Le reste de cette somme devrait servir entre autres à réapprovisionner les établissements en moyens matériels (masques, équipements de protection individuelle, médicaments...), à l’heure où aujourd’hui, à l’approche probable d’une seconde vague, l’ensemble des personnels soignants n’ont même pas accès à des masques FFP2. Concernant le manque de moyens humains dont souffrent aujourd’hui les hospitaliers, qui se retrouvent face à une surcharge de travail énorme, le gouvernement n’apporte que des mesures cosmétiques qui cachent de nouvelles offensives contre les conditions de travail. La très maigre revalorisation salariale ne suffira pas à rendre le métier plus attractif qu’il ne l’est aujourd’hui. De plus, si Olivier Véran a reconnu que les carrières étaient «  un peu figées  », ajoutant que « des perspectives d’évolution doivent exister », celles-ci n’apparaissent pas dans le plan du gouvernement. Le plan d’embauche et de création d’emplois est quant à lui aussi loin des besoins réels. Alors qu’il avait déjà annoncé la semaine dernière la création de 15 000 postes, ce dernier a annoncé ce mardi qu’il y aura 2000 places supplémentaires dans les Instituts de formations en soins infirmiers (Ifsi), ainsi qu’une multiplication par deux des entrées en formation d’aides-soignantes d’ici 2025. Or, parmi les revendications des soignants, il est estimé que c’est de 300 000 créations de postes dont l’hôpital aurait besoin, pour répondre justement aux besoins de la population. La tarification à l’acte n’est quant à elle pas supprimée, et le recours aux contrats précaires comme les intérimaires toujours présent, mais en précarisant toujours plus ces travailleurs avec un nouveau plafond réglementaire pour « éviter les abus » dans l’embauche des intérimaires : « il n’y aura plus aucun versement au-delà du plafond réglementaire ».

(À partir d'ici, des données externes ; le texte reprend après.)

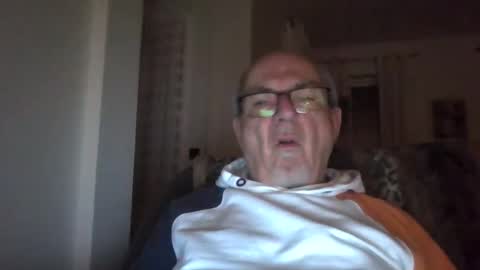 bernard1102 online show from January 1, 4:29 am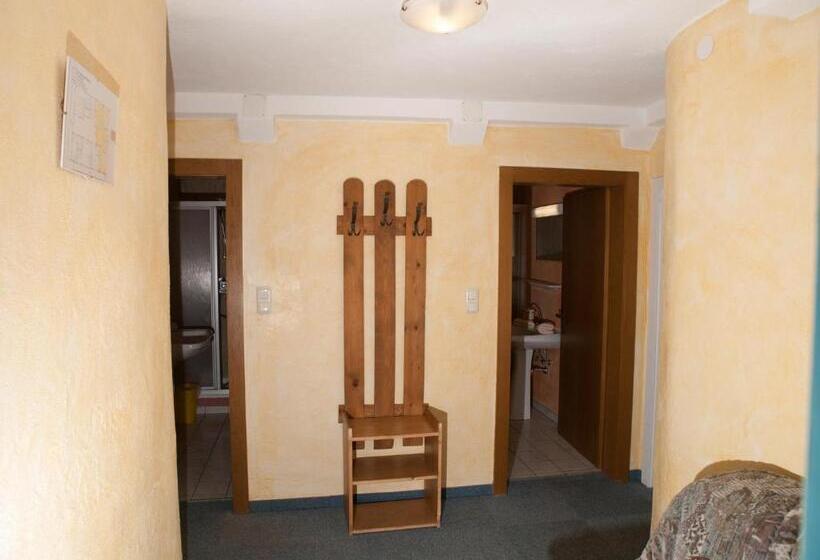 Люкс 3 Спальни, Pension Handle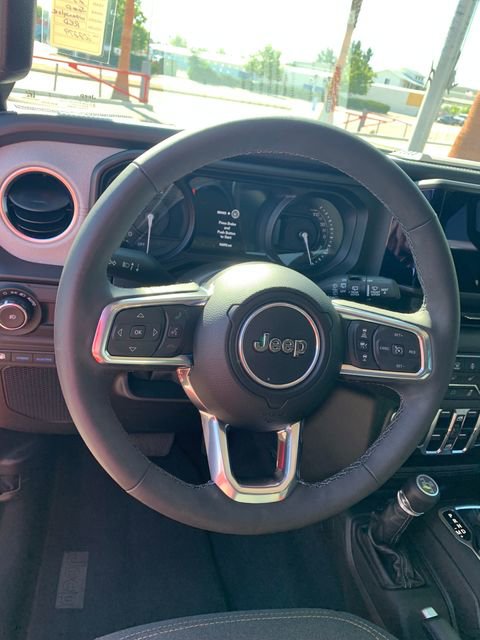 Used 2025 Jeep Wrangler Unlimited Sahara AWD/4WD image 28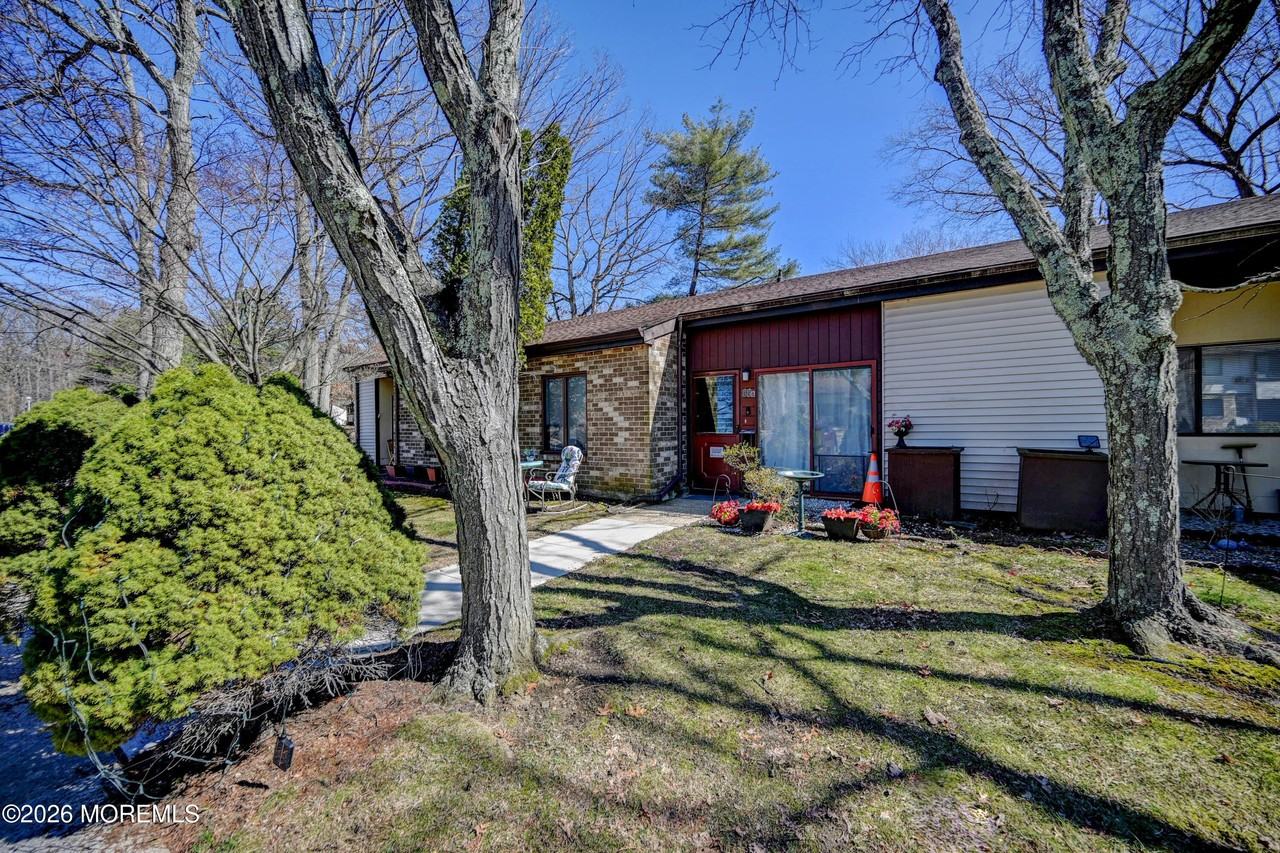 88 Arrowood Rd #B - Photo 2 of 29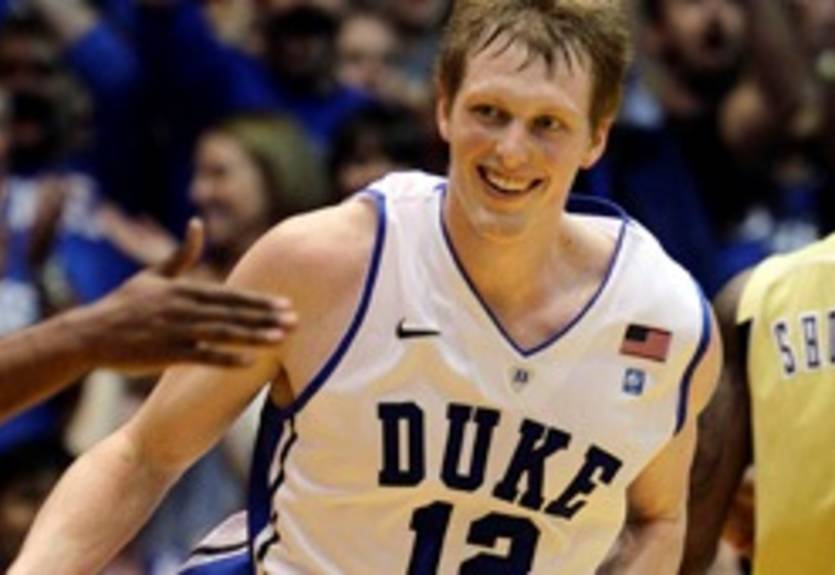 Звезда Дьюка подписался в Испании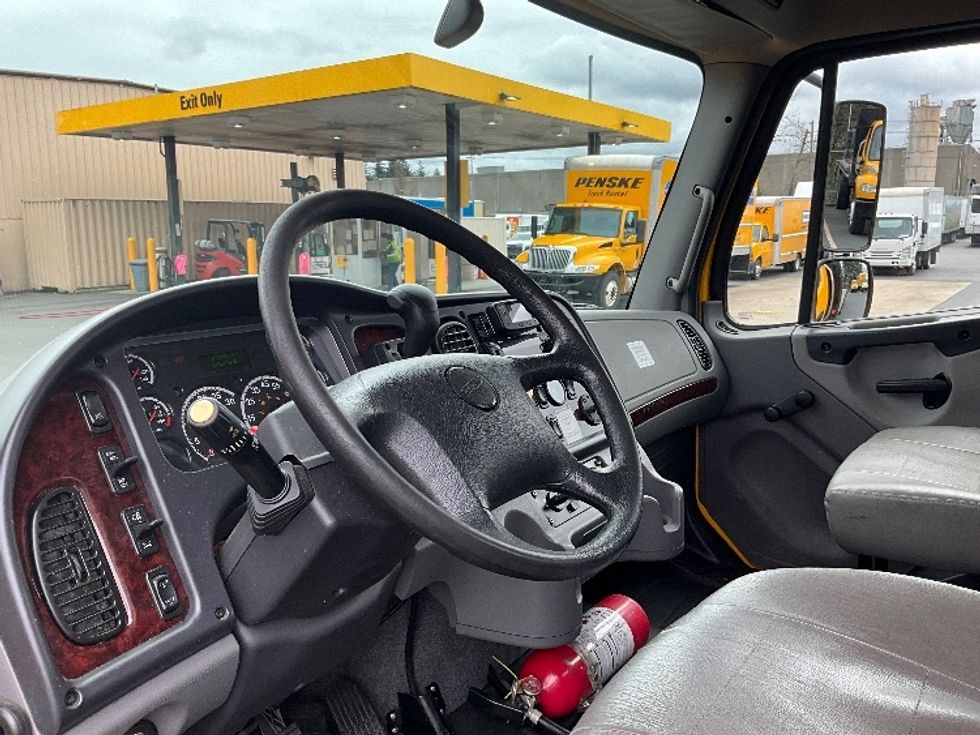 Flatbed Truck-Light and Medium Duty Trucks-Freightliner-2022-M2-Portland-OR-108,604\n\t\tmiles-$ 65,750 - Image 17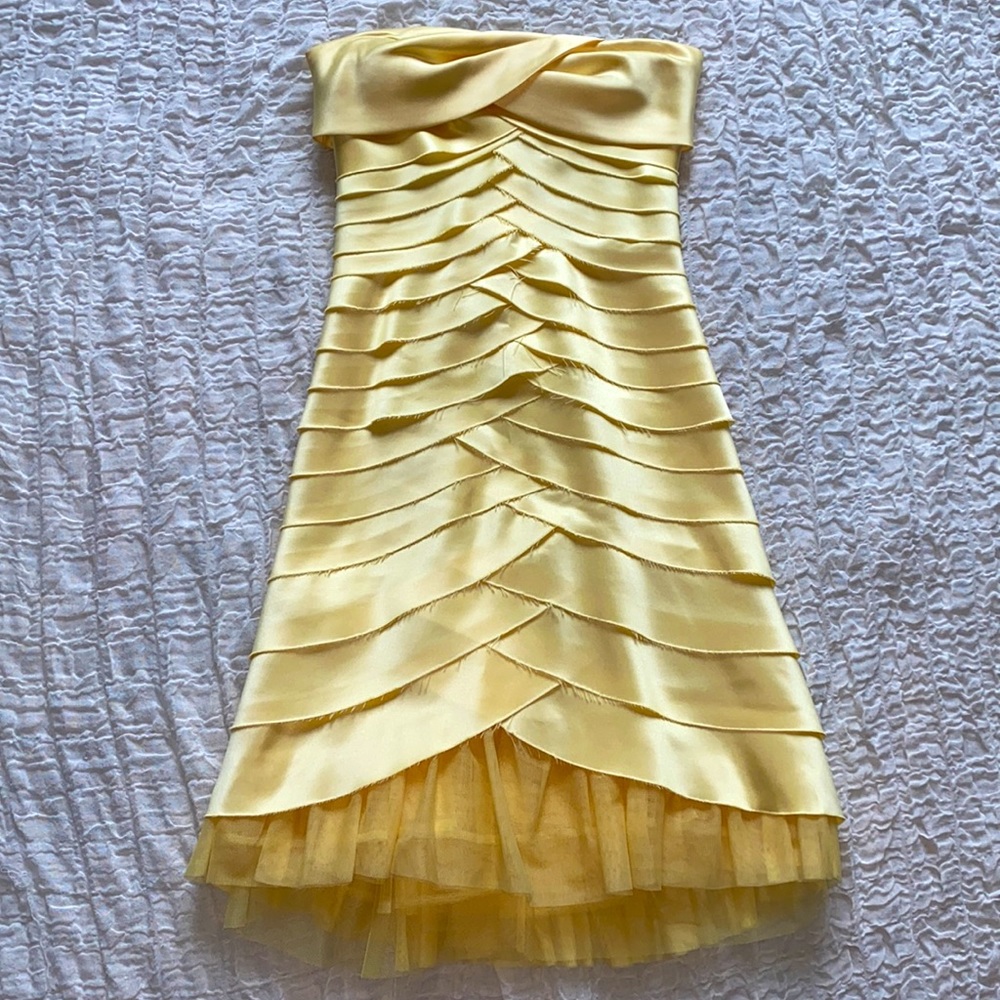 BCBG Max Azria Pastel Canary Buttercup Yellow Tiered Strapless Dress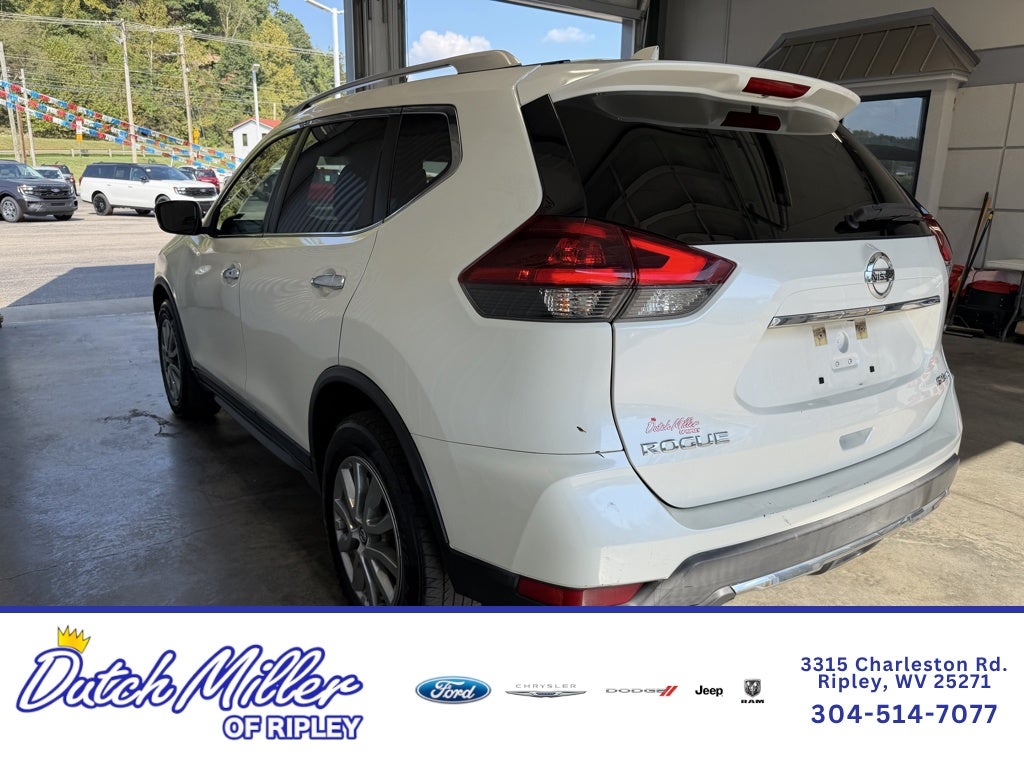 2018 Nissan Rogue SV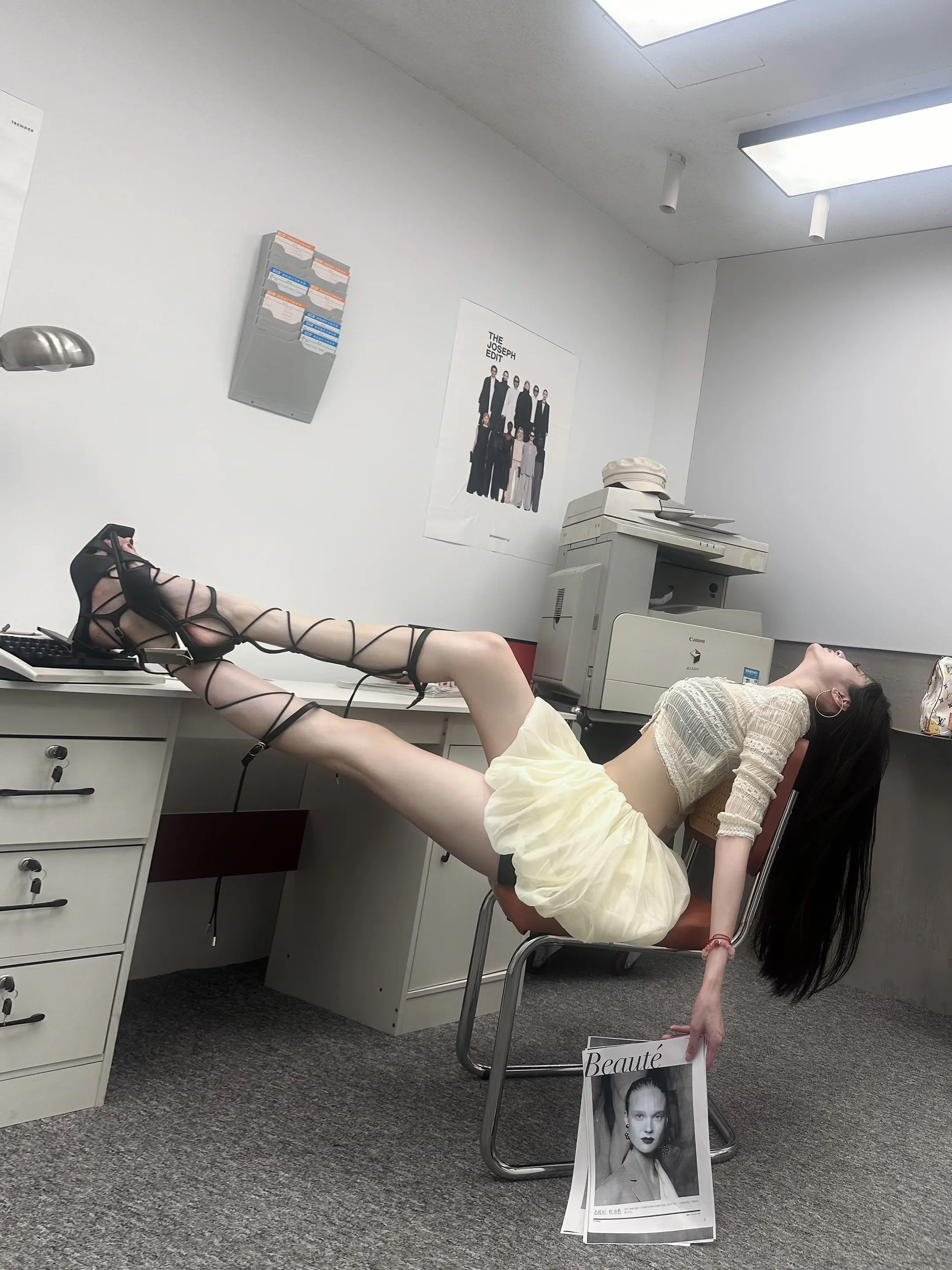 在工位摸鱼ing…
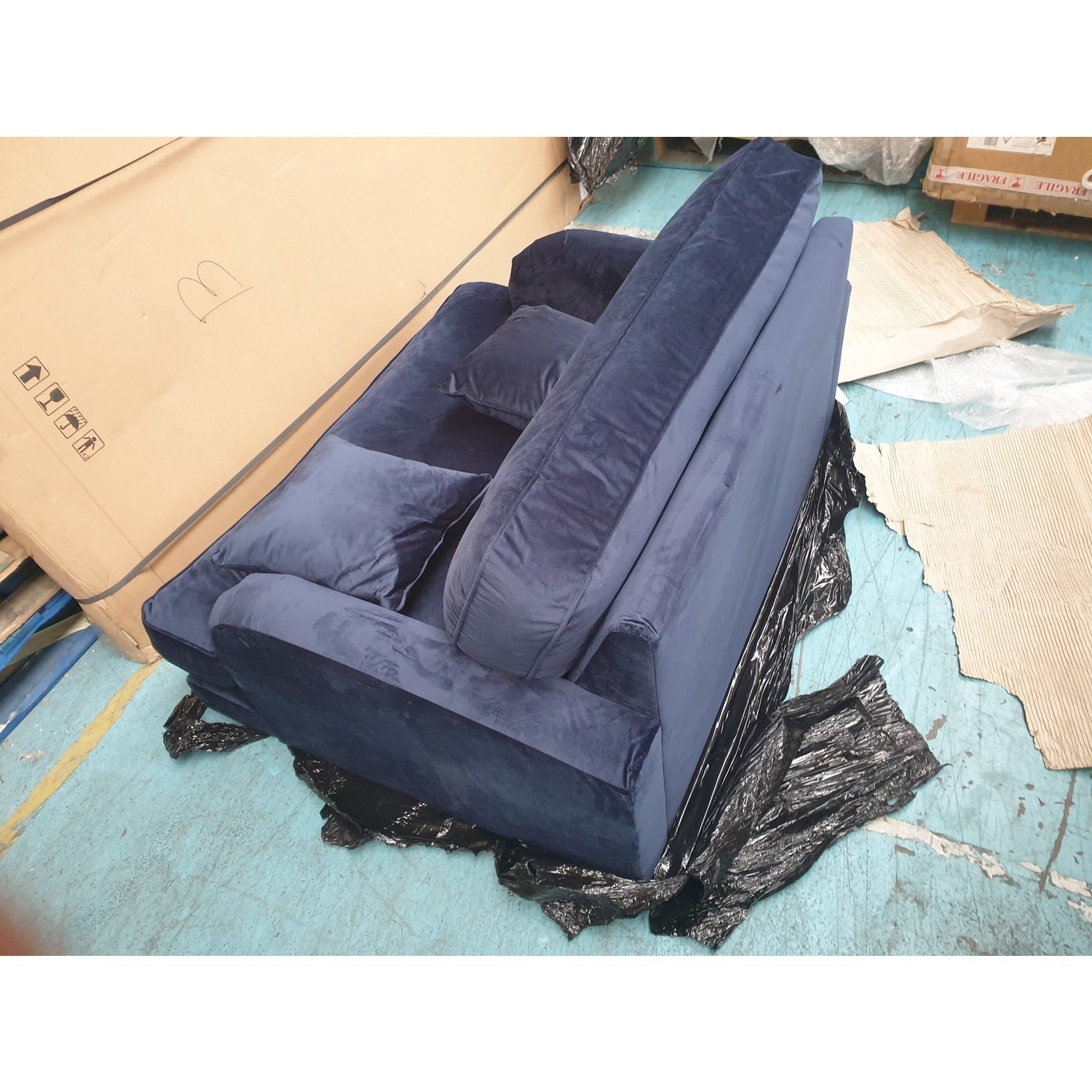 GRADE A2 Navy Blue Velvet Loveseat Payton Furniture123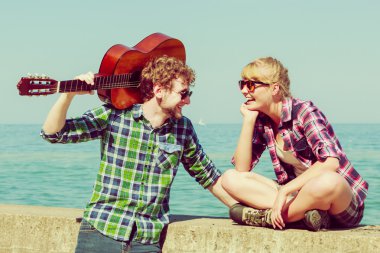 Genç adam onun kız arkadaşı açık gitar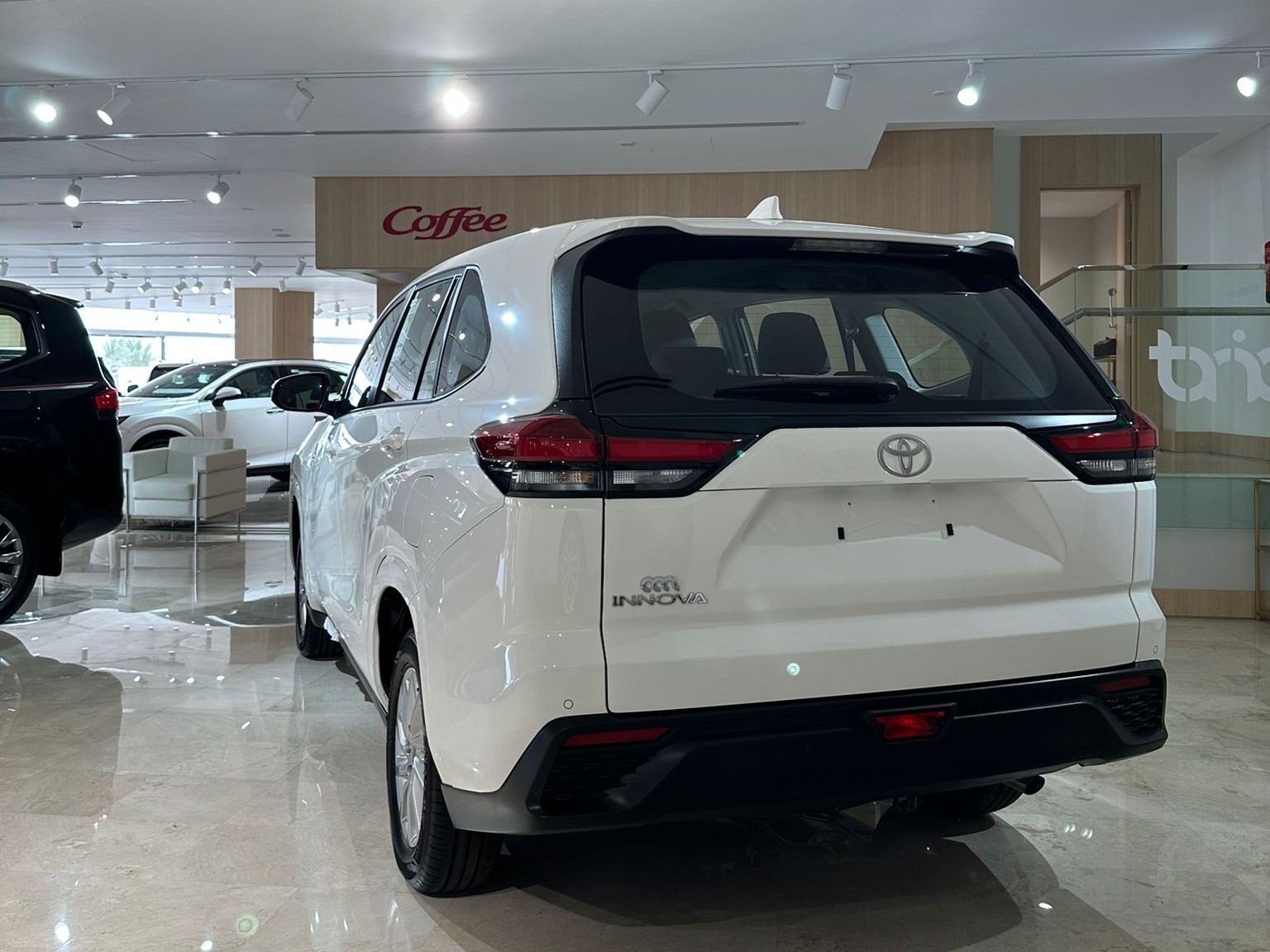 Toyota Inova 2026 - Image 2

En somme, le plan du gouvernement pour l’hôpital n’est absolument pas une réponse visant à répondre aux problèmes structurels de notre système de santé actuel, dénoncés par les soignants. En effet, face à la colère de ces derniers et aux revendications qu’ils défendent, comme une réelle revalorisation salariale, une hausse générale et massive des moyens matériels et humains pour le système de santé, le gouvernement ne lâche que des miettes. Des miettes que les directions syndicales ont acceptées, validées et signées, au détriment d’un plan qui prépare le terrain à une nouvelle offensive contre l’hôpital public et qui cache de nouvelles attaques antisociales. Et ce alors qu’on a vu les effets criminels de ces politiques avec la crise sanitaire dont la gestion gouvernementale a été une catastrophe. Ainsi le jusqu’au-boutisme du gouvernement dans sa volonté de détricoter et détruire toujours plus l’hôpital public malgré les implications que ça a pour l’ensemble de la population, et ce dans un contexte où les scientifiques alertent déjà des rebonds de la première vague, démontre une nouvelle fois qu’il est au service du patronat et leurs profits, et que c’est sur le terrain de la lutte en construisant un véritable rapport de forces par la coordination des secteurs du monde du travail, et de la jeunesse pour imposer des systèmes de santé universels, gratuits, centralisés et nationalisés sous contrôle des travailleurs de la santé, car ils vivent le quotidien de l’hôpital qu’ils connaissent par cœur, ce sont les mieux placés pour savoir quels sont leurs besoins. Au-delà des investissements massifs dans l’hôpital, ceux-ci doivent être financés par un impôt progressif sur les grandes fortunes. Contrairement à la politique menée par les directions syndicales de la CFDT, FO et UNSA qui ont joué le jeu du dialogue social du gouvernement et permis à celui-ci d’avancer dans ses plans antisociaux.